Abituati come siamo ad utilizzare mezzi di
trasporto superveloci, non riusciamo più a percepire la straordinaria vitalità
di quest'uomo che, a piedi, a cavallo, o su imbarcazioni alquanto malsicure,
seppe percorrere nei suoi molteplici viaggi, le vie consolari dell'Impero e
muoversi nel mar Mediterraneo come se fosse un lago. Gli itinerari di San Paolo
portano dritti nelle grandi città del tempo ed è proprio in queste città:
Antiochia, Corinto, Efeso, Atene, ecc. che Paolo si misura con la cultura del
suo tempo e a viso aperto propone l’annuncio del Cristo crocifisso: scandalo per i giudei e
stoltezza per i pagani!
Questo suo atteggiamento è ancora
patrimonio comune per i cristiani, oppure siamo lentamente scivolati nella
tentazione di addolcire o meglio annacquare il messaggio di Gesù così da
offuscarne lo splendore originario?
Un altro aspetto caratteristico di San
Paolo rivendicato con forza da lui stesso, è quello in cui Paolo sottolinea il
fatto di essere un lavoratore che annuncia il Vangelo, Paolo non era un
predicatore itinerante, un estroso cantastorie che si spostava di città in
città contando belle storielle, era un uomo chiamato da Cristo a portare il
Vangelo nel cuore stesso dei popoli estranei a Israele, e per fare questo egli
si guadagnava da vivere svolgendo un lavoro manuale che gli consentiva di non
pesare su alcuno.
Questa sua indipendenza lo metteva nella
condizione di essere libero interiormente ed esternamente di fronte a qualsiasi
interlocutore. “Vivo ma ormai non sono più io che vivo; è Cristo che vive in
me”; “Completo nella mia carne quello che manca alla passione di Cristo”; “Quando mi sento debole allora sono veramente forte”; “Fede, speranza, amore,
il più grande dei tre è l'amore”.
Basterebbero queste poche citazioni tratte
dall'immenso epistolario paolino, per capire quanto ancora oggi ognuno di noi
deve misurarsi su questi nodi cruciali che interpellano la nostra vita e
pongono delle domande inevitabili nel contesto della realtà nella quale siamo
inseriti.
Anche oggi ci sono delle Agorà, delle
piazze, nelle quali scendere e dentro le quali misurarsi con la cultura
dominante, anche oggi ci sono città sterminate, dove la “Plantatio Ecclesiae”

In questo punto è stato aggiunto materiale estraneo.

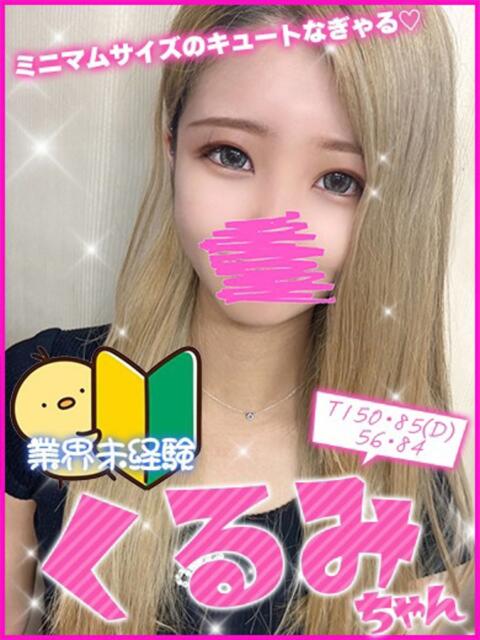 くるみ キャンパスサミット 地域トップクラスの可愛い子揃い(デリヘル)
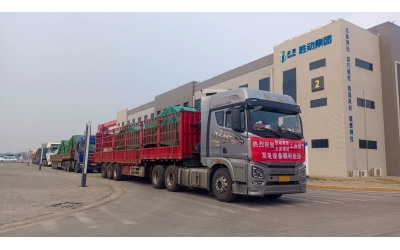 高效履約 硬核賦能&mdash;&mdash;勝動集團(tuán)公司完成一電爐尾氣治理及綜合利用項(xiàng)目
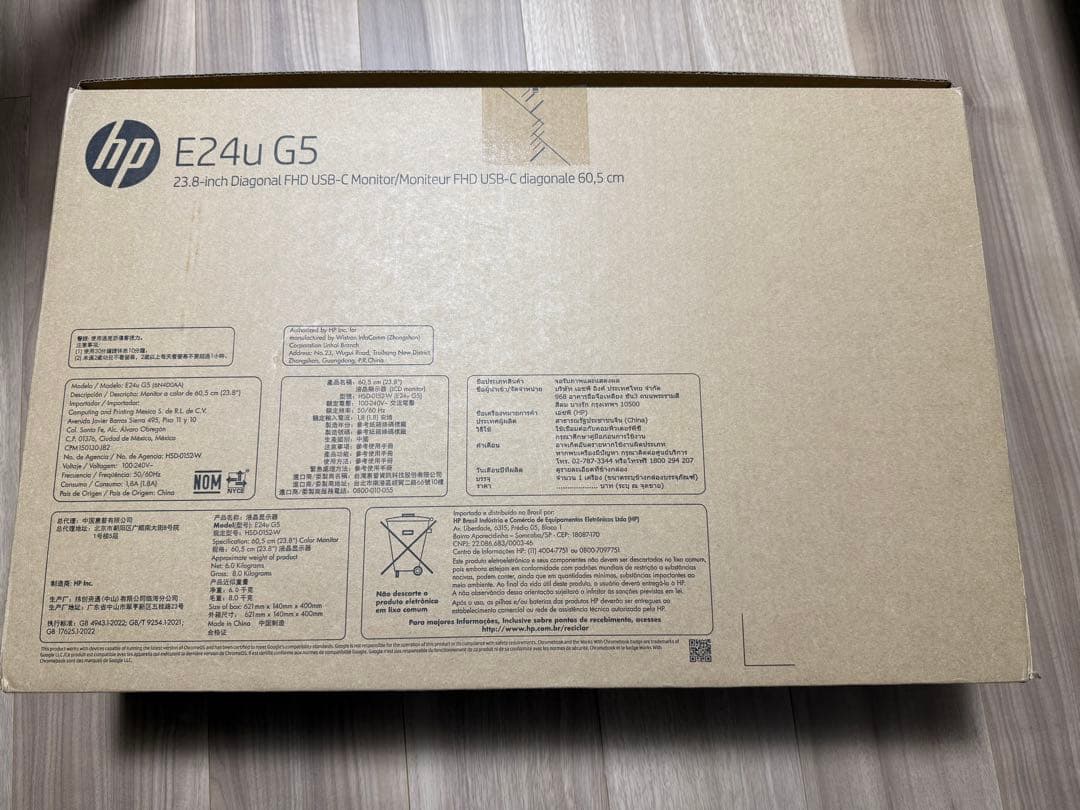 HP E24u G5(PCモニター) 23.8インチ　USB-Cタイプ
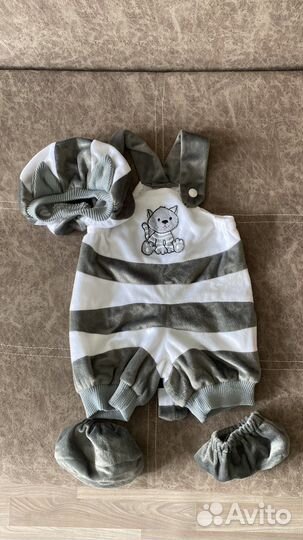 Костюм на утренник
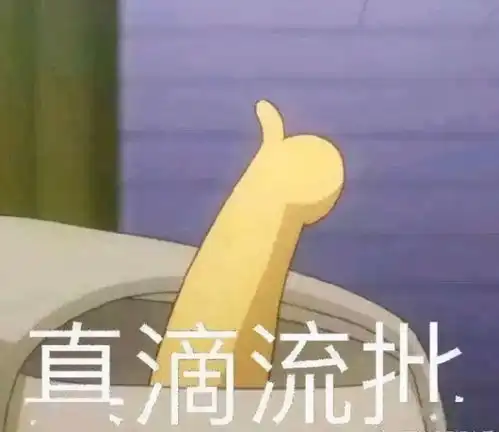 刚刚,微信上线借条功能,再也不怕好友赖账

ovvero il germe di una piccola, magari insignificante comunità di gente che
vive nel nome di Cristo è seme di un germoglio che darà i suoi frutti proprio
come avvenne al tempo di Paolo; occorre crederci, e ancor di più occorre
gettare questo seme sui vasti terreni che lo Spirito Santo ci indica
continuamente. Affidiamoci all’intercessione di san Paolo per ottenere dal
Signore i doni necessari per annunciare con le parole e con la vita che Dio è
padre, ci ama da sempre e per questo ha mandato il suo Figlio Gesù Cristo,
morto e risorto per la nostra salvezza.